Hacker News new | ask | show | jobs
by scott_s 3347 days ago
This is a good paper, but not quite how I think about it. I use the terms data-parallel (for SIMD), task-parallel (for fork-join; kinda) and message passing. GPUs are basically data-parallel machines, but over the years, GPUs have been getting more and more capable, so I imagine some people out there are using them for task-parallel workloads.
1 comments

Would tensorflow (or similar) count as task-parallel because the computation graph is a DAG? If so, there's a pretty popular example of task-parallelism running on GPU's.
I would say TensorFlow is a hybrid of two strategies: SIMD and dataflow/DAG. (I wouldn't say fork-join and dataflow/DAG are synonymous; rather they are related but different models/APIs).

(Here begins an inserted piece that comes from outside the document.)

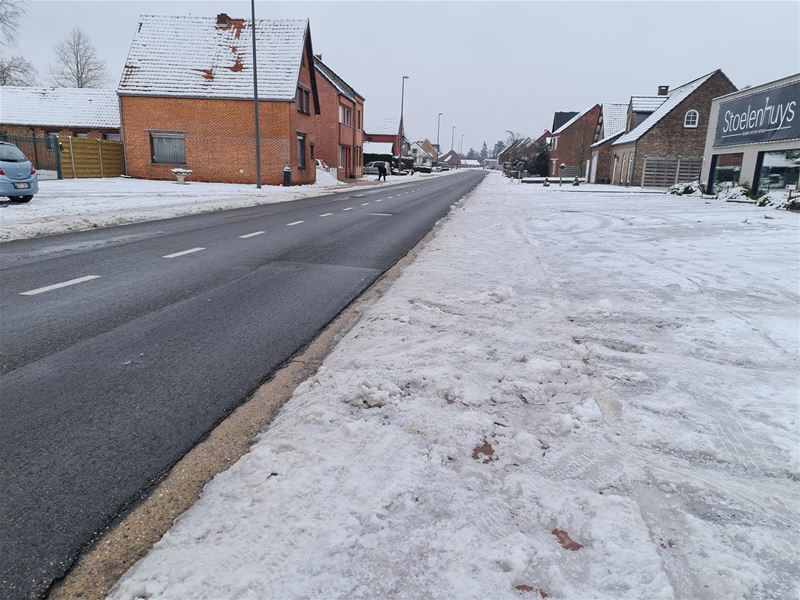 Uitkijken op wegen en fietspaden morgenochtend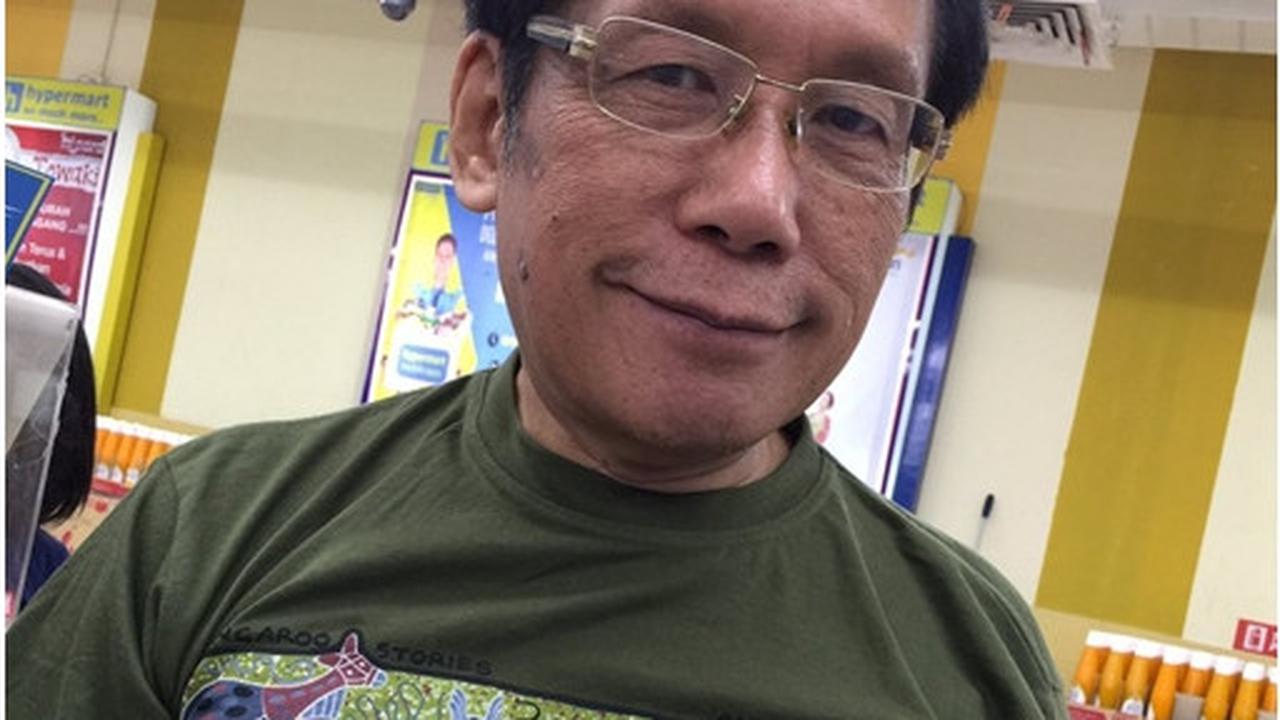 Ini Sosok Pelukis Kaleng Khong Guan, Anaknya Seorang Dokter!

At the level of a single node, TensorFlow uses Eigen [1]. Eigen is like BLAS, but it's a C++ template library rather than Fortran. It compiles to various flavors of SIMD. Nvidia's proprietary CUDA is the SIMD flavor most commonly used by TensorFlow programs.

At the level of multiple nodes, TensorFlow derives a program graph from your Python source code, using high level "ops", in the style of NumPy. Then it distributes the ops across a cluster using a scheduler:

Quote: Its dataflow scheduler, which is the component that chooses the next node to execute, uses the same basic algorithm as Dryad, Flume, CIEL, and Spark. [2]

Python is the "control plane" and not the "data plane" -- it describes the logic and dataflow of the program, but doesn't touch the actual data. When you use NumPy, the C code and BLAS code are the data plane. When you use TensorFlow, the Eigen and GRPC/protobuf distribution layer are the data plane.

So you can have a big data dataflow system WITHOUT SIMD, like the four systems mentioned in the quote. And you can have SIMD without dataflow, i.e. if you are doing it in pure Eigen or procedural/functional R/Matlab/Julia on a single machine. Languages like R and Julia may have dataflow extensions, but they're single-threaded/procedural by default as far as I know.

A mathematical way to think of the DAG model is where you program uses a partial order on computations rather than a total order (the procedural model) -- this is what give gives you parallelism.

So TensorFlow uses both SIMD and dataflow.

[1] http://eigen.tuxfamily.org/index.php?title=Main_Page

[2] http://download.tensorflow.org/paper/whitepaper2015.pdf

Good point! Which reminds me that I left off pipeline-parallelism, which is very common in dataflow programming models. And Tensorflow is a dataflow model. But I think that the core computation in Tensorflow programs will tend to be largely data-parallel affairs. That is, I think such programs tend to have a bunch of data-parallel computational kernels connected in a DAG. When I made that comment, I was thinking more of a Cilk style program.

(I work on a dataflow language and system.)

I'd say no, since the purpose of the GPU there is to make the matmul really fast.